**TASK GOAL:**
In the records below, find the line with "27 Little Oaks Drive, Yaldhurst" and the line with "triple room |"; return exactly those lines and every line between them.

**THE INPUT:**
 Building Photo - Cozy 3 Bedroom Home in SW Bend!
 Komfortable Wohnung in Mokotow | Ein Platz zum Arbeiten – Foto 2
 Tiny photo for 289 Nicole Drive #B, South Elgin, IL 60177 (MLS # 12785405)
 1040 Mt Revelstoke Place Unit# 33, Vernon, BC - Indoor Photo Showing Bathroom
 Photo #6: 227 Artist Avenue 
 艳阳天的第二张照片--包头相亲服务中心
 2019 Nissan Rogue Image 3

==

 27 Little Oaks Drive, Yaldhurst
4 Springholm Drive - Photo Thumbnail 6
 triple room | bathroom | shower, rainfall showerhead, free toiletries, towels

**RESPONSE:**
 27 Little Oaks Drive, Yaldhurst
4 Springholm Drive - Photo Thumbnail 6
 triple room | bathroom | shower, rainfall showerhead, free toiletries, towels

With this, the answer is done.